We're pudding in place new security
Last updated 13:00, Tuesday, 22 July 2008
Word on the gourmands’ grapevine is that all is not as it should be in the elegant dining rooms of the idyllically positioned Sharrow Bay Hotel.
A spot of skullduggery – maybe even culinary espionage – has been suspected and one of the jewels in the Michelin-starred hotel’s crown has been put at risk of wicked devaluation.
At the heart of the mystery is the famously calorific sticky toffee pudding, said to have been invented at Sharrow Bay around 40 years ago. Some ne’er-do-well has been after outing the secret of sweet-toothed success by posting the precious sticky-toffee recipe on the internet.
Now the hotel is asking guests and kitchen staff to sign a secrecy agreement after suspecting a couple of trying to help pale imitators steal Cumbria’s genuine thunder.
Locked in a vault on the premises, the recipe has been kept a closely-guarded secret for decades, with only a handful of trustworthy people taught how to make the dish. One couple, however, proved not to be nearly as trustworthy as promised and almost exposed all after sneaking a camera into a masterclass with the aim of posting the footage on YouTube, the video-sharing website.

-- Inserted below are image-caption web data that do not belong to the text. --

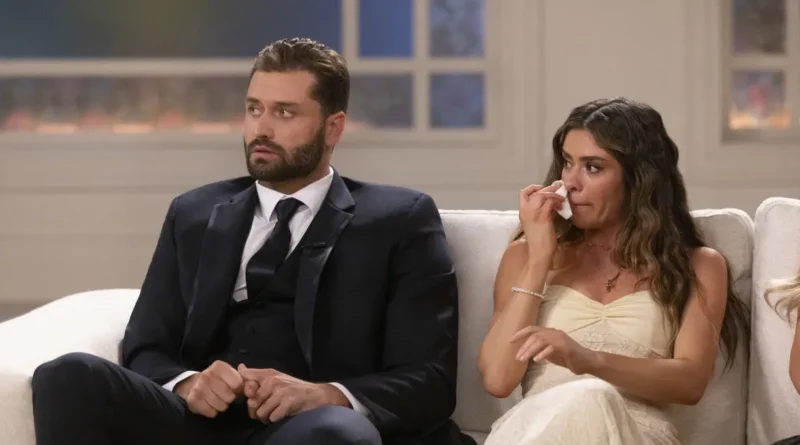 Inside the Complicated Relationship of Mormon Wives Taylor and Dakota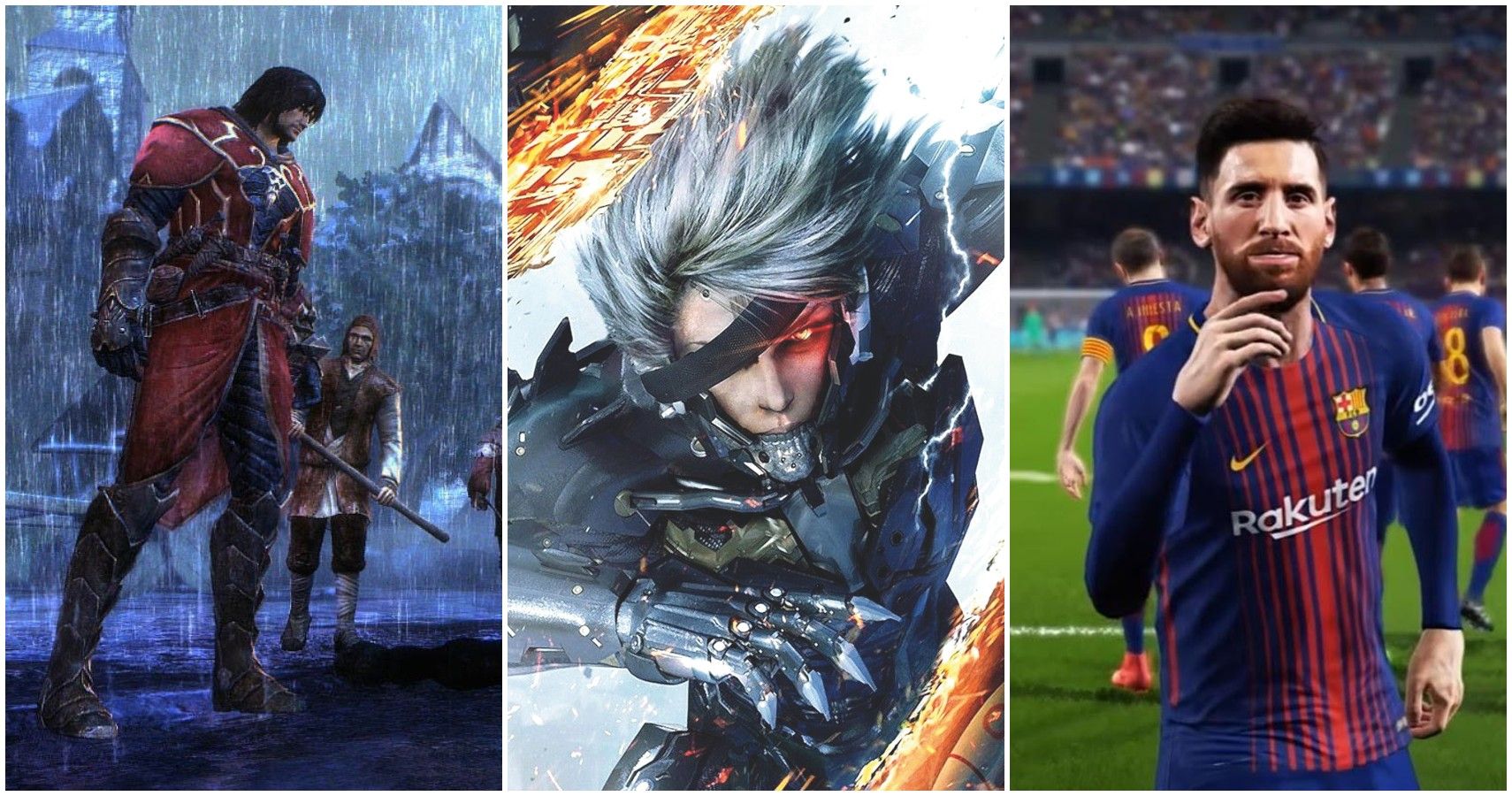 The 10 Best Konami Games Of The Last Decade, Ranked (According To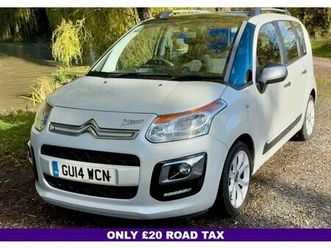 2014 (14) - 1.6 hdi selection special edition mpv 5 door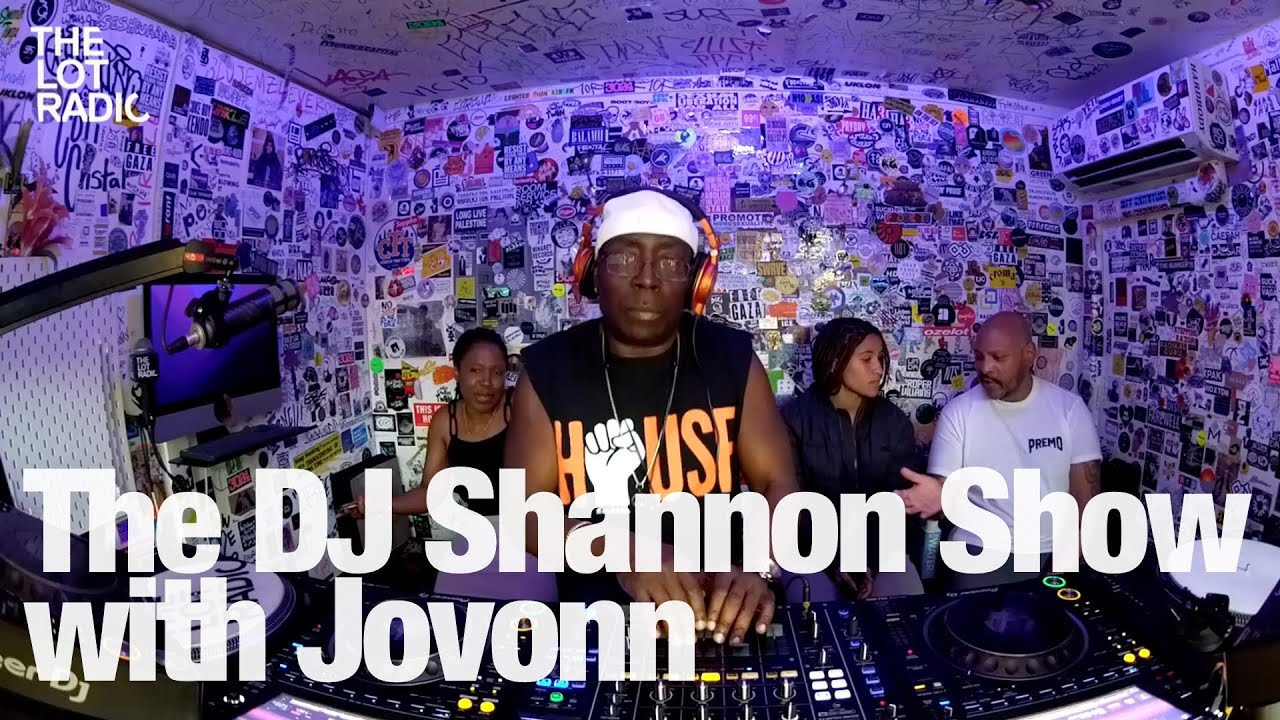 The DJ Shannon Show with Jovonn @TheLotRadio  06-12-2024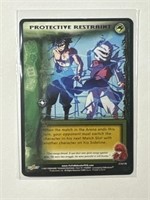 Yu Yu Hakusho TCG Protective Restraint C73/176!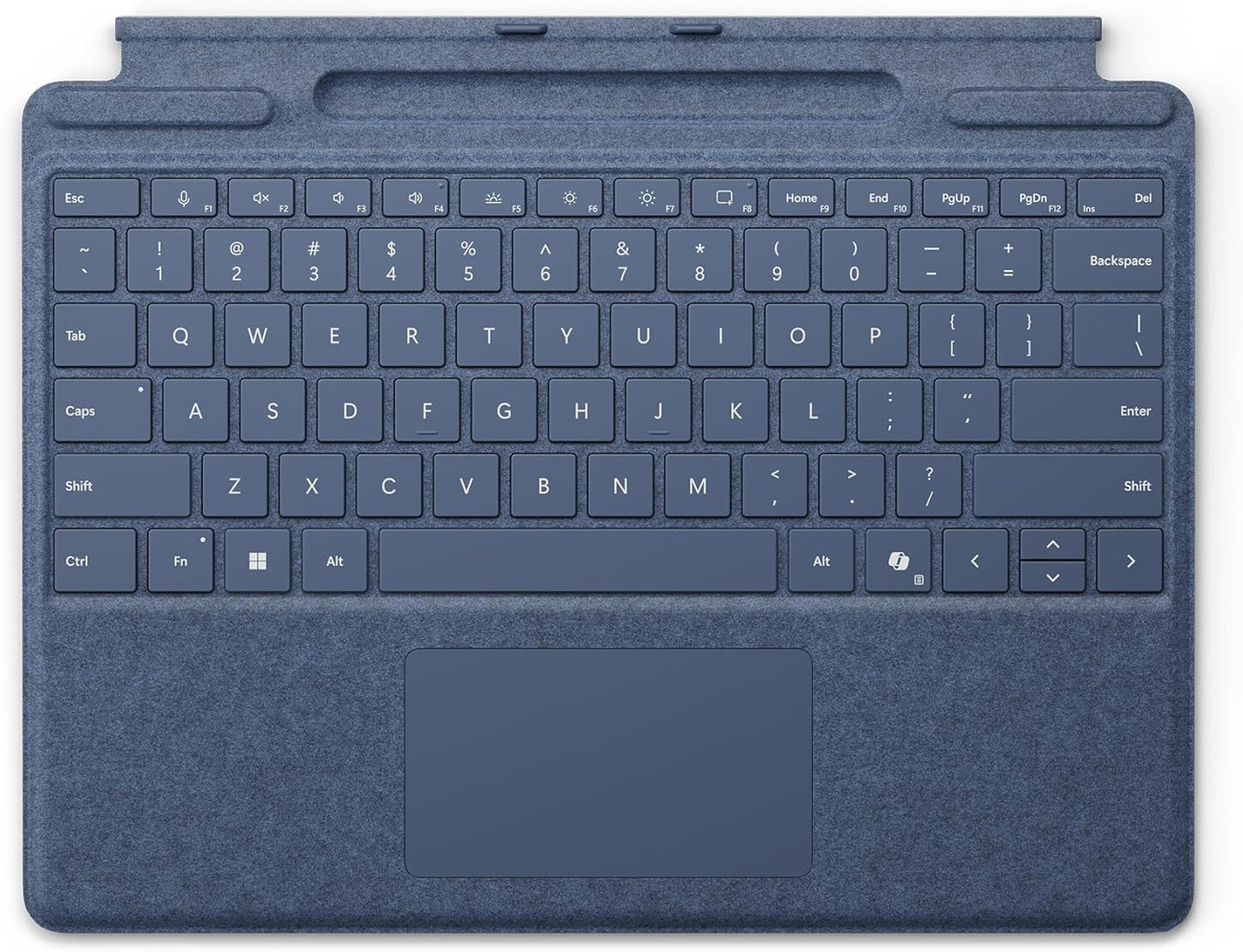 Microsoft 8XA-00215 Surface Pro Keyboard Sapphire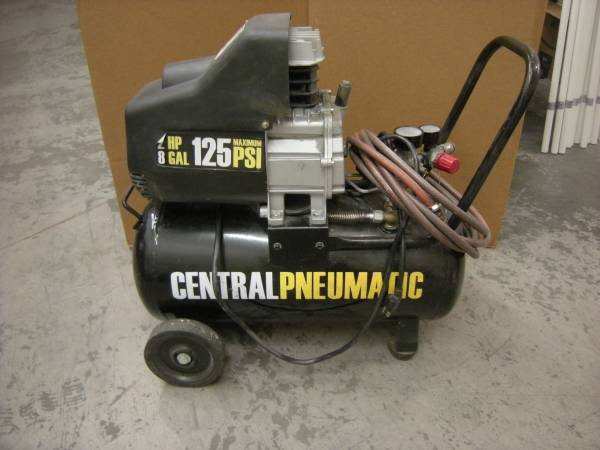 Air Compressor 1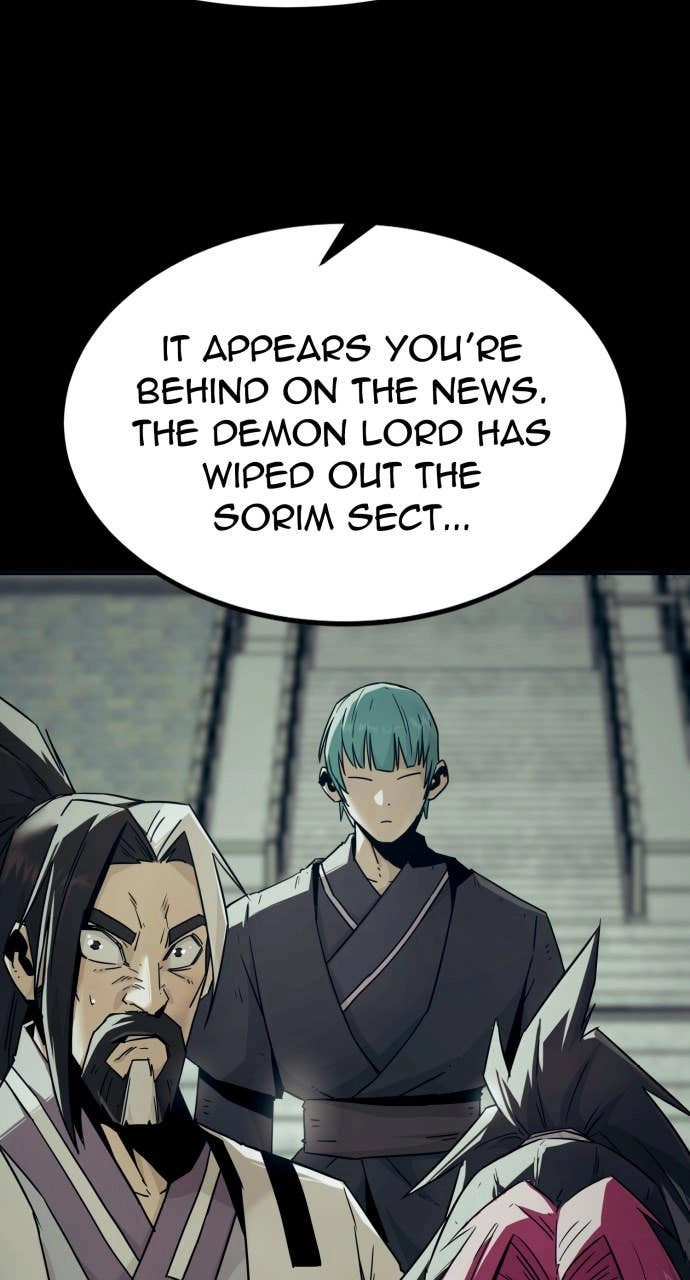 The Dang Clan’s Swordmaster Heir Just Wants a Normal Life Chapter 76, page 5 of 111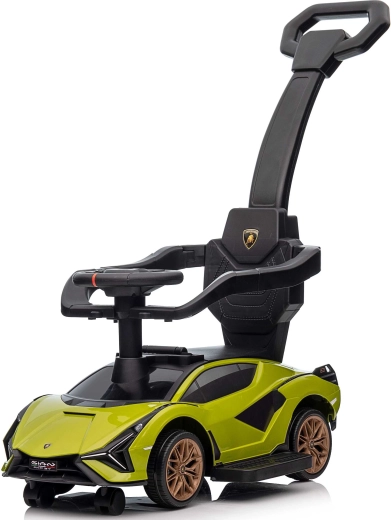Kinderloopfiets 3-in-1 LAMBORGHINI Sián FKP 37 groen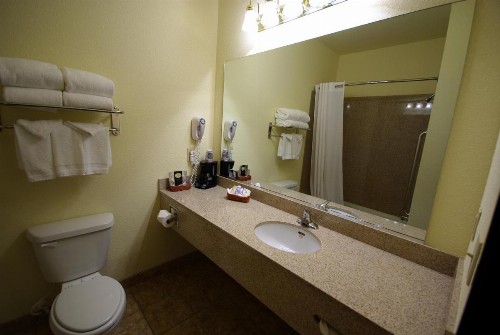 Mountain Inn & Suites Airport - Hendersonville - image 12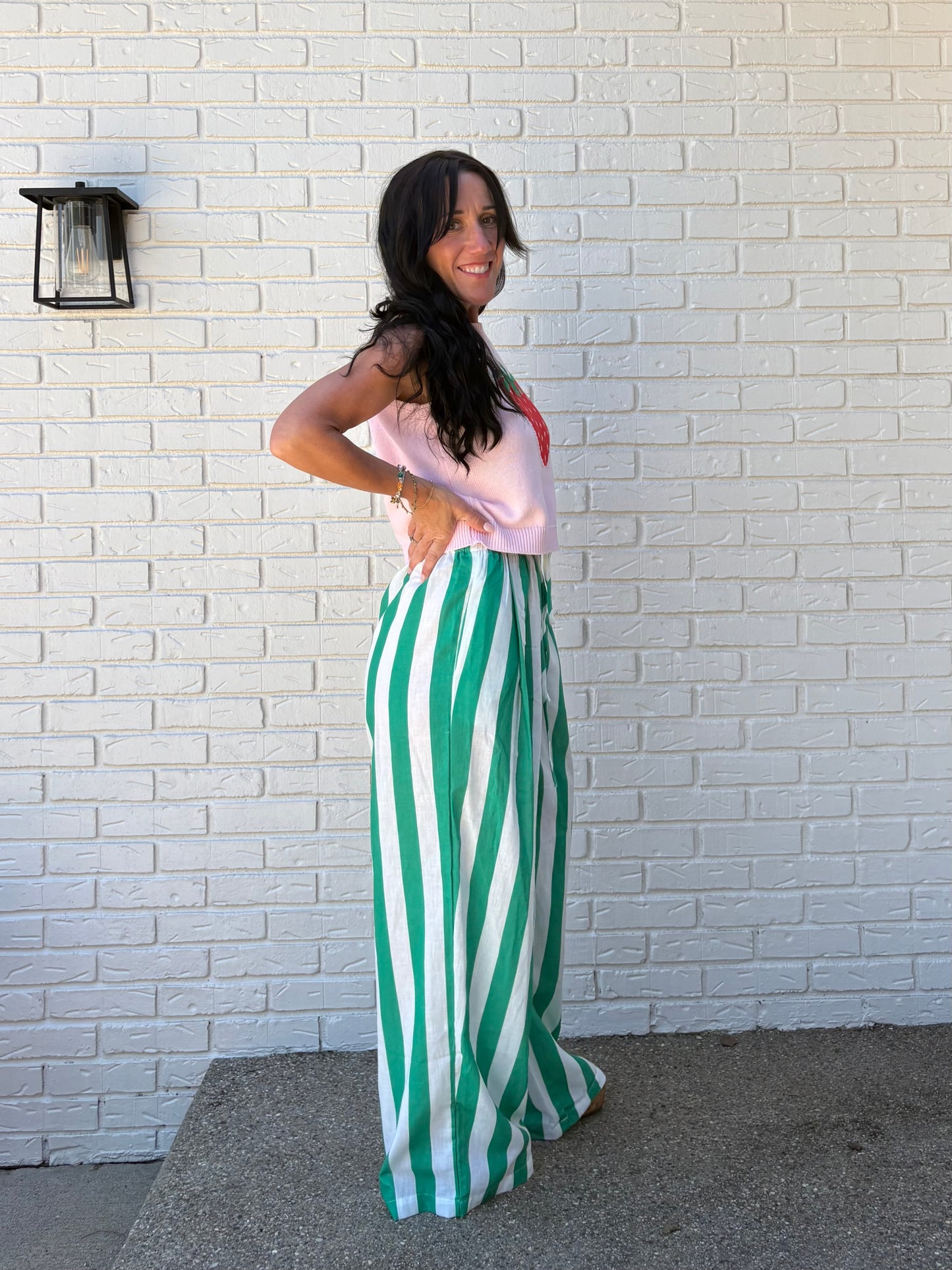 Cabana Breeze Linen Pant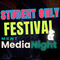 Studi Festival inkl. MediaNight Ticket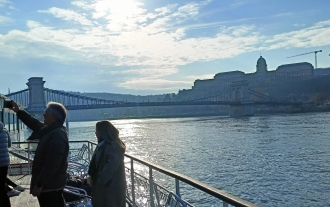 Rejs w Budapeszcie ze śniadaniem: Brunch & Cruise Rejs w Budapeszcie ze śniadaniem: Brunch & Cruise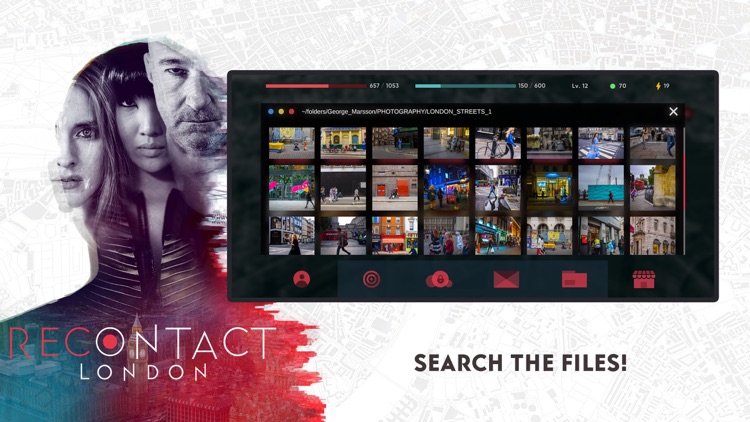 Recontact London screenshot-4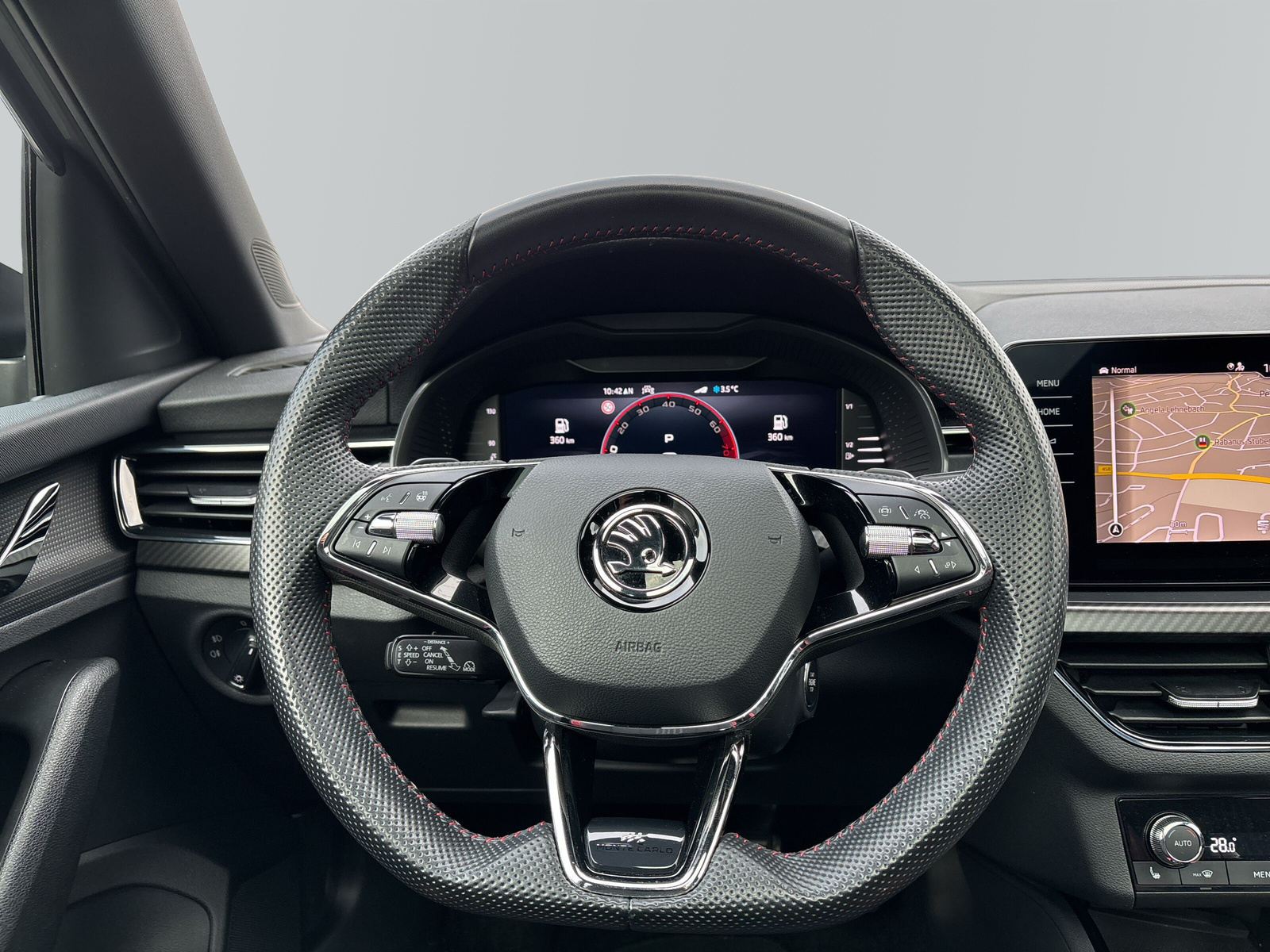 Kamiq Monte Carlo 1.5 TSI DSG *AHK*KAMERA*ACC*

The plan was foiled, fortunately and sticky-toffee pud was saved to live another secret day. Phew!
Hats off to Sharrow Bay for pulling off a peach of an undercover investigation... or cooking up a stylish publicity stunt.
Whichever – it barely makes a difference, so long as that decadent pud, now a Cumbrian and British icon of indulgence, lives to brighten another day.